Seção temática: E depois do pós-estruturalismo?: experimentações metodológicas na pesquisa em currículo e educação - Apresentação
E depois do pós-estruturalismo?: experimentações metodológicas na pesquisa em currículo e educação
And after post-structuralism?: methodological experimentations in curriculum and education research
¿Y después de el postestructuralismo?: experimentos metodológicos en la investigación curricular y educativa
O nome do pós-estruturalismo encontra-se indubitavelmente ligado ao campo do currículo no Brasil. Hoje, é quase inelutável a tentação de associá-lo a um conjunto de variações teóricas que o campo curricular brasileiro suscitou e promoveu nos últimos vinte anos na pesquisa em educação, sobretudo, a partir das traduções promovidas por Tomaz Tadeu da Silva1. Uma afirmação dessa magnitude pode, de fato, parecer estranha, quando não, pretensiosa ou, simplesmente, não passar de uma conclusão corriqueira. De qualquer forma, sua enunciação permite dimensionar o impacto pós-estrutural nos horizontes imaginativos do pensamento curricular brasileiro. Há uma década, por exemplo, em investigação sobre teses e dissertações, entre 1996 e 2006, as perspectivas críticas - tributárias, em grande parte, de aportes marxistas e com forte marco sociológico - eram apontadas como as hegemônicas no campo curricular no Brasil (LOPES; MACEDO; PAIVA, 2006).
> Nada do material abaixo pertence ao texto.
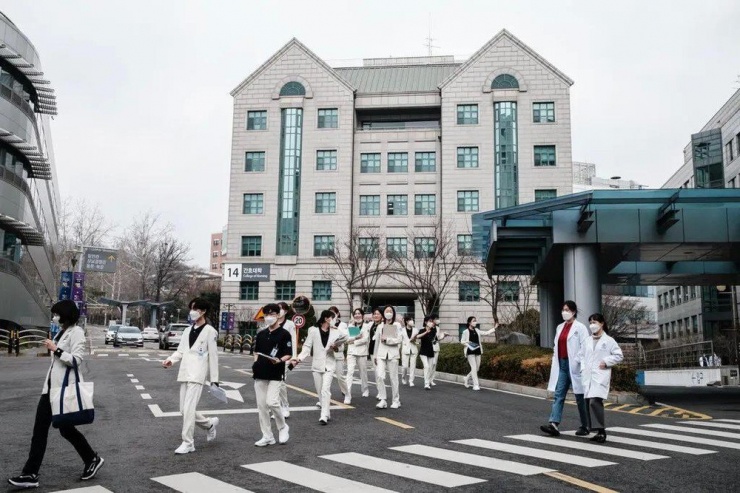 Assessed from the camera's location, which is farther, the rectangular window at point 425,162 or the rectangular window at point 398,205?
Result: the rectangular window at point 425,162

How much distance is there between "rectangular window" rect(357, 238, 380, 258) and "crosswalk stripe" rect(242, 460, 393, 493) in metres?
42.3

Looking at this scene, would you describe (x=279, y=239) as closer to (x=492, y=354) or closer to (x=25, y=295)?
(x=25, y=295)

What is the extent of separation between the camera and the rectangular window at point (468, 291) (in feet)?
168

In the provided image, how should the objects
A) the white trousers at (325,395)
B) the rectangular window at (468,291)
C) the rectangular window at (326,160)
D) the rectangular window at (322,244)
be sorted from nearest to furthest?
the white trousers at (325,395) → the rectangular window at (468,291) → the rectangular window at (322,244) → the rectangular window at (326,160)

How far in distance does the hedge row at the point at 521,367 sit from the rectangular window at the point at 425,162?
107ft

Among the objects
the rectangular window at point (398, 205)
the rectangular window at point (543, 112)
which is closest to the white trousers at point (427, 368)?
the rectangular window at point (398, 205)

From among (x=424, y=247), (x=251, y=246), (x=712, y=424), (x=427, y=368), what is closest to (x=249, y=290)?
(x=251, y=246)

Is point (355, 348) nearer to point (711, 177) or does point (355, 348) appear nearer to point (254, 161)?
point (254, 161)

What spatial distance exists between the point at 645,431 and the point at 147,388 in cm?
1132

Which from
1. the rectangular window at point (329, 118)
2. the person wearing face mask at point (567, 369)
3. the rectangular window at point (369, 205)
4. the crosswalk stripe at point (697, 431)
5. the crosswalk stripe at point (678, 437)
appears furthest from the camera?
the rectangular window at point (329, 118)

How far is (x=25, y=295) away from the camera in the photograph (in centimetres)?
4247

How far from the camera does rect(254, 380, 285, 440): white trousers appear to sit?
8.95m

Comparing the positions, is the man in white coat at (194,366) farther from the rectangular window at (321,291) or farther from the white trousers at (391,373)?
the rectangular window at (321,291)

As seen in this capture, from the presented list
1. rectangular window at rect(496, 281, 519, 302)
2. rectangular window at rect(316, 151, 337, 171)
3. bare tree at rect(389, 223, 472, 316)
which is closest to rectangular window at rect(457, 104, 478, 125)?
bare tree at rect(389, 223, 472, 316) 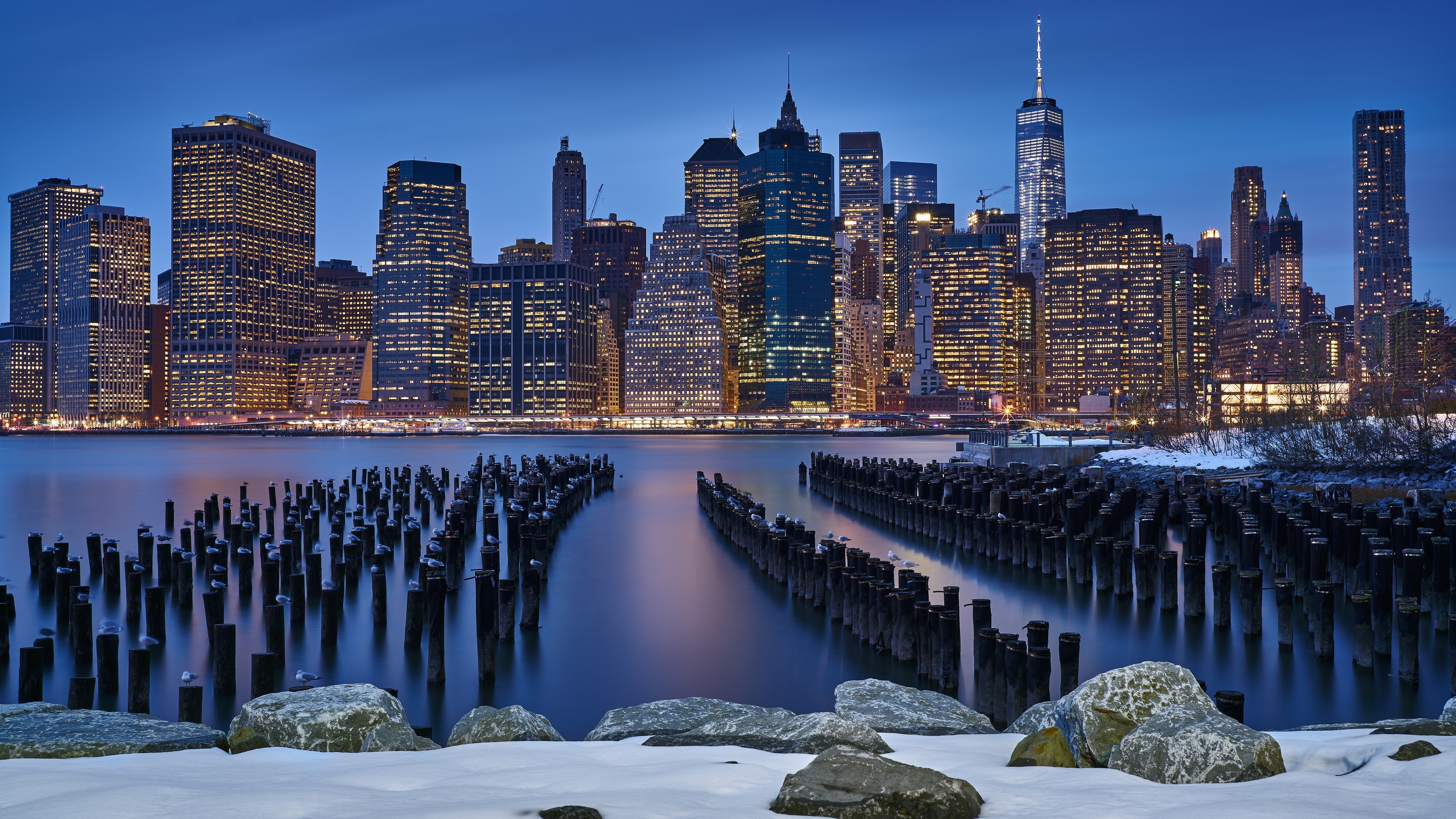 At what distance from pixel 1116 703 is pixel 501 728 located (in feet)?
18.4

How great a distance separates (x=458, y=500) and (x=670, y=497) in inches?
814

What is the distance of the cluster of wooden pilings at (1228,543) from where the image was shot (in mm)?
17797

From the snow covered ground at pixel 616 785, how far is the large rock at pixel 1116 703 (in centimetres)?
61

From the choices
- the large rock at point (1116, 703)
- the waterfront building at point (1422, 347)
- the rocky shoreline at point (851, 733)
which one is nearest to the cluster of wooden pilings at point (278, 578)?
the rocky shoreline at point (851, 733)

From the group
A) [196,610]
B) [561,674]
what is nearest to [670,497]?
[196,610]

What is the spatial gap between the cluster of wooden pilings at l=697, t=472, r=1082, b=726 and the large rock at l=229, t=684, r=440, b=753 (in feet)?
24.1

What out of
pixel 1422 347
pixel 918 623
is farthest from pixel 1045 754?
pixel 1422 347

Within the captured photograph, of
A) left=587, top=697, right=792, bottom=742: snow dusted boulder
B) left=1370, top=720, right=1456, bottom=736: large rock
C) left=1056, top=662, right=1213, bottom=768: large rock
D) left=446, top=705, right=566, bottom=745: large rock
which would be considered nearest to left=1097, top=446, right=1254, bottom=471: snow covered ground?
left=1370, top=720, right=1456, bottom=736: large rock

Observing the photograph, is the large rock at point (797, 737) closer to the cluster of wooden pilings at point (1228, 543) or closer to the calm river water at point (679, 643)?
the calm river water at point (679, 643)

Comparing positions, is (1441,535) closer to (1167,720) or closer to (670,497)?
(1167,720)

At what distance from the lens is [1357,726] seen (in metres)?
10.1

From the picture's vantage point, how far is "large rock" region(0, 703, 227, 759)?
29.0ft

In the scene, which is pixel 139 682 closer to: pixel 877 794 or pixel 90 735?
pixel 90 735

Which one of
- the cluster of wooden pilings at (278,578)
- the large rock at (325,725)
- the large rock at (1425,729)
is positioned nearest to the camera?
the large rock at (1425,729) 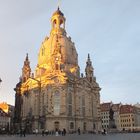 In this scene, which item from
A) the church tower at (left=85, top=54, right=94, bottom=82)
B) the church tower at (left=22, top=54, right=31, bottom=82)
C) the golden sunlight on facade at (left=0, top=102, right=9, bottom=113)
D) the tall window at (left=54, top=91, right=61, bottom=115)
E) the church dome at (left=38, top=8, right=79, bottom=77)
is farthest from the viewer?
the golden sunlight on facade at (left=0, top=102, right=9, bottom=113)

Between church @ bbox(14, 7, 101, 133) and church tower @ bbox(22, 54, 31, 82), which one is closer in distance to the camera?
church @ bbox(14, 7, 101, 133)

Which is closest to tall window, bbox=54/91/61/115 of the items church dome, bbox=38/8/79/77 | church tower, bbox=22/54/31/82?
church dome, bbox=38/8/79/77

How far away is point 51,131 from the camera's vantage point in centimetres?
7125

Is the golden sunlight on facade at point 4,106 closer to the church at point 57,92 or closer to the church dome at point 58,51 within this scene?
the church at point 57,92

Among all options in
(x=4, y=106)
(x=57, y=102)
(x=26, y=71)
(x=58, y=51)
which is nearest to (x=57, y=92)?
(x=57, y=102)

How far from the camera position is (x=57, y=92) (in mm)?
77500

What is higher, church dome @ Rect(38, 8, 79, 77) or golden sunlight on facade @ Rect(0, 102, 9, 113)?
church dome @ Rect(38, 8, 79, 77)

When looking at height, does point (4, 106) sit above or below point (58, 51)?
below

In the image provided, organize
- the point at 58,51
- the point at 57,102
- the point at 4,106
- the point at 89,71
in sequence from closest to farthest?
the point at 57,102 → the point at 58,51 → the point at 89,71 → the point at 4,106

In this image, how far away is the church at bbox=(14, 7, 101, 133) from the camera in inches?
3007

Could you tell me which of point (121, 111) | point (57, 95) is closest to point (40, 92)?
point (57, 95)

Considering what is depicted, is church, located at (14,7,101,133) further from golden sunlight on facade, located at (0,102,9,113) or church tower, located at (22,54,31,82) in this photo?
golden sunlight on facade, located at (0,102,9,113)

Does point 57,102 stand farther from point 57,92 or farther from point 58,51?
point 58,51

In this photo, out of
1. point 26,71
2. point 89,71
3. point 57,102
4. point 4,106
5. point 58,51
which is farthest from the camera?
point 4,106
Embora a entrada das perspectivas pós-estruturais tenha emergido desde o início da década de 1990, sua força "desarrumadora" e criativa, salientada por Marlucy Paraíso (2004, 2005), ainda parecia pouco audível no enquadramento mais amplo da pesquisa em currículo. Se o mapeamento do Grupo de Trabalho (GT) de Currículo da Associação Nacional de Pós-Graduação e Pesquisa em Educação (ANPEd) empreendido pela autora, àquela altura, sinalizava para linhas de fuga diante de sinais de esgotamento das perspectivas críticas, nos últimos anos (CARVALHO, 2012), essas abordagens cederam vasto lugar aos chamados estudos pós-críticos2, concomitantemente à perda de influência das abordagens estruturalistas e marxistas.
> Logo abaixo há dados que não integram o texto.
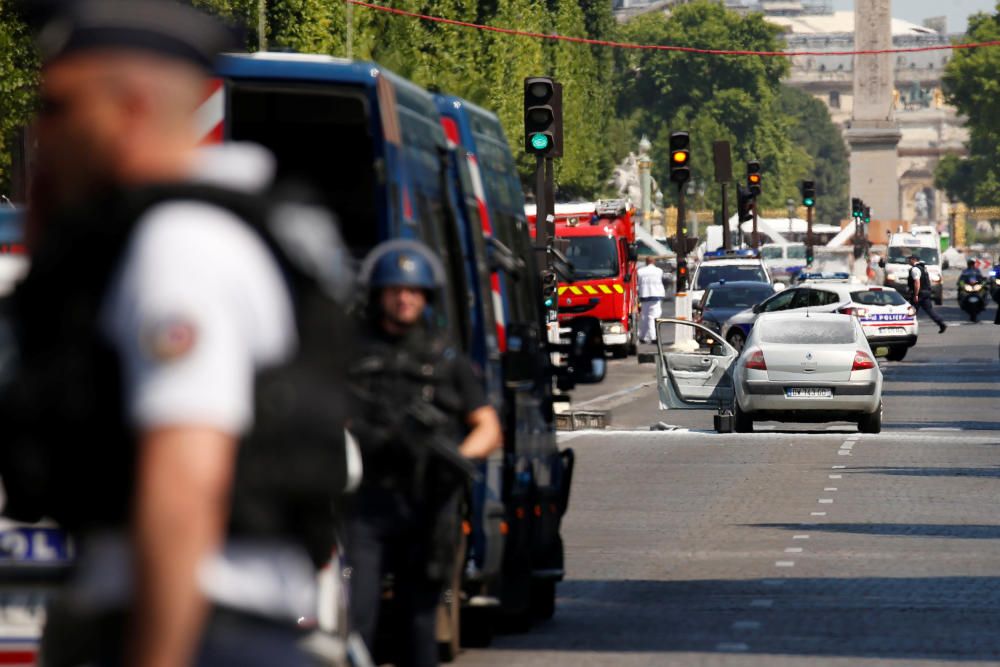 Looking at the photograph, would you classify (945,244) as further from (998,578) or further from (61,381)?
(61,381)

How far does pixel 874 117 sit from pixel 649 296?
8315 centimetres

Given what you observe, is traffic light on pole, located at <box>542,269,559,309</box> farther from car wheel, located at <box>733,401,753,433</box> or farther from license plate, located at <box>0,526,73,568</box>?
license plate, located at <box>0,526,73,568</box>

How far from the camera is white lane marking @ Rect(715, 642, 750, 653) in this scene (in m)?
10.7

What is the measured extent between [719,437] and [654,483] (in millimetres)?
6122

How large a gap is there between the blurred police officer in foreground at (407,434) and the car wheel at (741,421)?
1972cm

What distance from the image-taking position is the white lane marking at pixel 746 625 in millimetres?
11453

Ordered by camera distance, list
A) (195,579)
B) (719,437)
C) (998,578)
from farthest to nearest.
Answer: (719,437) → (998,578) → (195,579)

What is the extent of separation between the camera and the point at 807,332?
2805 cm

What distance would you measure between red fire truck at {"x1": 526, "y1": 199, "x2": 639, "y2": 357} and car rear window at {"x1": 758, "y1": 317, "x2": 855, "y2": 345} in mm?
16438

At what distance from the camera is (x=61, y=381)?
322 cm

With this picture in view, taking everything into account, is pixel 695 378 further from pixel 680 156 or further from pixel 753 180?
pixel 753 180

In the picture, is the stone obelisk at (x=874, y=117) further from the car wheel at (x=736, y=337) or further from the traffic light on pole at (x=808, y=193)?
the car wheel at (x=736, y=337)

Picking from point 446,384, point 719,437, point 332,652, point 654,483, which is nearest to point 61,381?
point 332,652

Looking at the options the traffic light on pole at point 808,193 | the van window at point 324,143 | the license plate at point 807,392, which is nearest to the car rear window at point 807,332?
the license plate at point 807,392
De lá para cá, uma multiplicidade de posturas intelectuais passou a habitar o campo do currículo, constituindo uma variedade de tons discursivos e de formas escriturais que autorizam vários lugares de enunciação e de registros de experiências para pensar currículos. Os nomes e as obras de Michel Foucault, de Jacques Derrida, de Gilles Deleuze, de Homi Bhabha, de Ernesto Laclau e de Chantal Mouffe, de Judith Butler têm sido extensivamente absorvidos, ainda que frequentemente hibridizados (LOPES; MACEDO, 2002, 2003; LOPES; MACEDO; PAIVA, 2006). A sucessão de influências que o pós-estruturalismo e tantas outras viradas "pós" arrastaram para o campo curricular brasileiro pode ser vista, aliás, como reações imunológicas ao determinismo sociológico, enxertando-as de modo inventivo no enraizado hábito pragmatista, do que, acertadamente, Peter Taubman (2009) chamou de linguagem da pedagogia. Todavia, ao contrário do que se poderia esperar, essa "conversa complicada" - preciosa expressão que William Pinar (2004) usou para descrever a complexidade espaço-temporal do campo do currículo - ainda se mostra demasiadamente tímida nas discussões sobre metodologias de pesquisa em educação e, até mesmo, em currículo, e as tentativas de articulação ainda são relativamente raras.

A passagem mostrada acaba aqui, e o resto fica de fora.